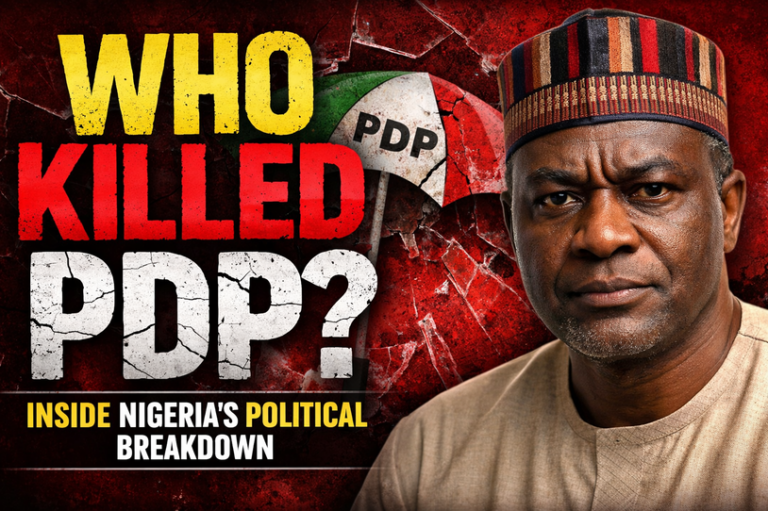 Who Killed the PDP? Inside Nigeria’s Political Breakdown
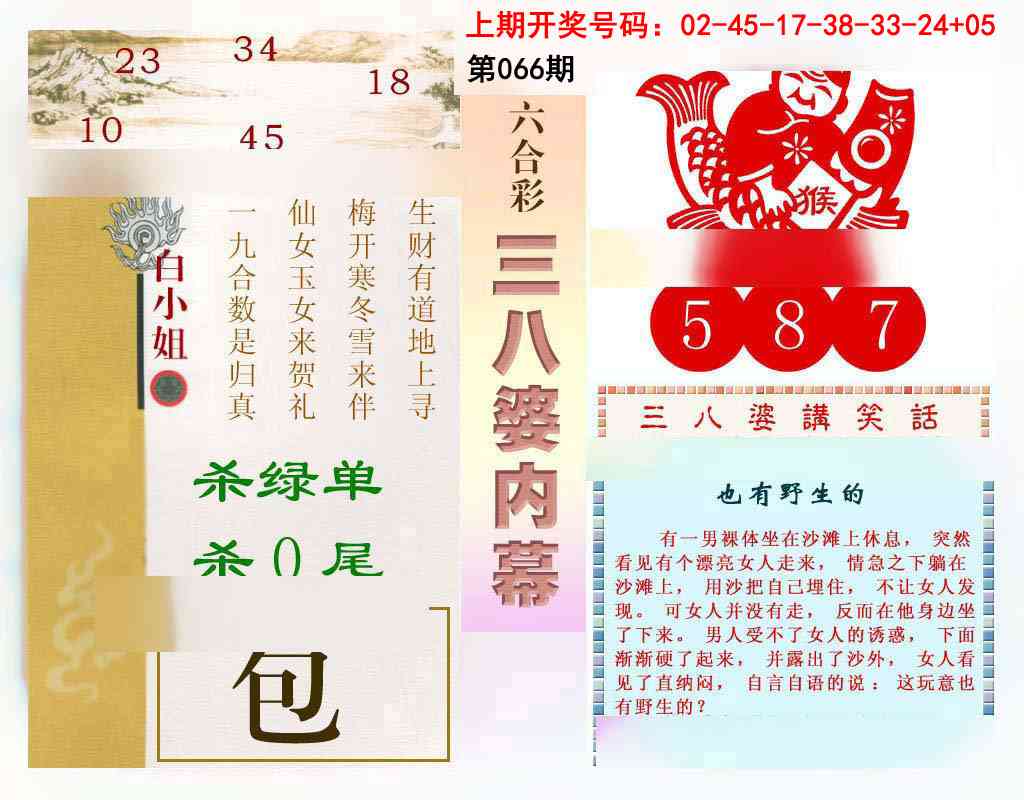 066期三八婆内幕[图]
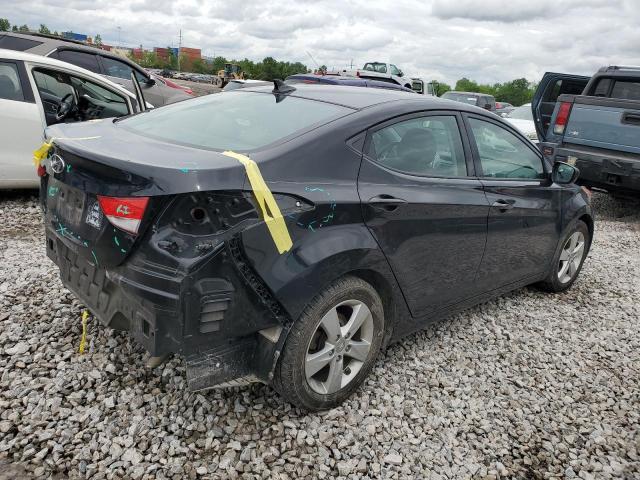 2013 Hyundai Elantra Gls VIN: 5NPDH4AE1DH384004 Lot: 55353654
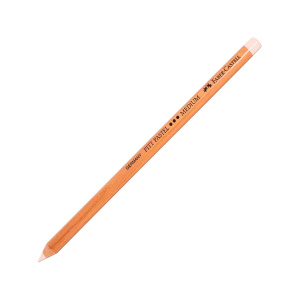 مداد پاستل سفید فابر کاستل مدیوم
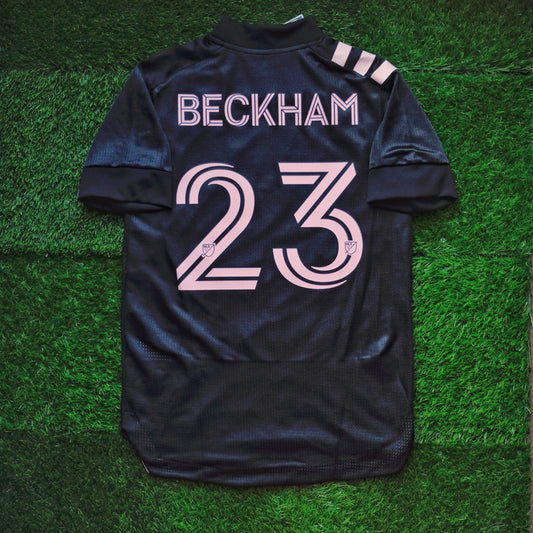 2020 Inter Miami #23 BECKHAM Away Jersey (S)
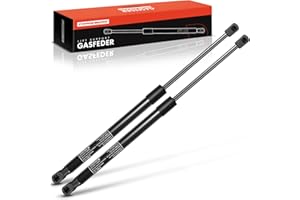 Frankberg 2x Molle a gas Cancello posteriore Compatibile con Qashqai II J11 J11 Tutti i motori SUV 2013-2019 Sostituisci# 90450-4EA1A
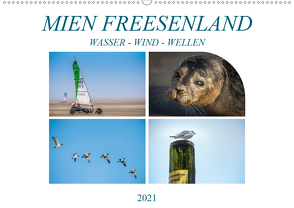 MIEN FREESENLAND – Wasser, Wind, Wellen (Wandkalender 2021 DIN A2 quer) von Gödecke,  Dieter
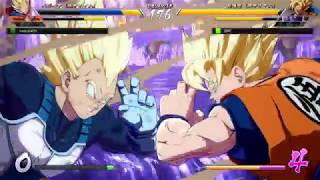 ドラゴンボールファイターズ(PS4) 2018.2.18 1-3 ヤムチャ&ギニュー&孫悟空(超サイヤ人) ピックアップ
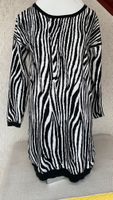 Kleid / oder Long-Pullover Farben: schwarz/weiß  Größe L Hessen - Calden Vorschau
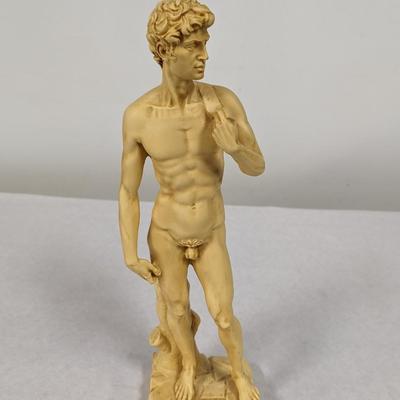 Classic Sculpture David By Michael Angelo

◇ ◇ ◇ ◇ ◇

--- EXERCISE AIM ---
Transcribe each entry above without alteration, but keep the pictures out.

--- TASK RESPONSE ---
 Who Killed the PDP? Inside Nigeria’s Political Breakdown
 066期三八婆内幕[图]
 2013 Hyundai Elantra Gls VIN: 5NPDH4AE1DH384004 Lot: 55353654
 مداد پاستل سفید فابر کاستل مدیوم
 2020 Inter Miami #23 BECKHAM Away Jersey (S)
 Frankberg 2x Molle a gas Cancello posteriore Compatibile con Qashqai II J11 J11 Tutti i motori SUV 2013-2019 Sostituisci# 90450-4EA1A
 MIEN FREESENLAND – Wasser, Wind, Wellen (Wandkalender 2021 DIN A2 quer) von Gödecke,  Dieter
 ドラゴンボールファイターズ(PS4) 2018.2.18 1-3 ヤムチャ&ギニュー&孫悟空(超サイヤ人) ピックアップ
 Kleid / oder Long-Pullover Farben: schwarz/weiß  Größe L Hessen - Calden Vorschau
 Classic Sculpture David By Michael Angelo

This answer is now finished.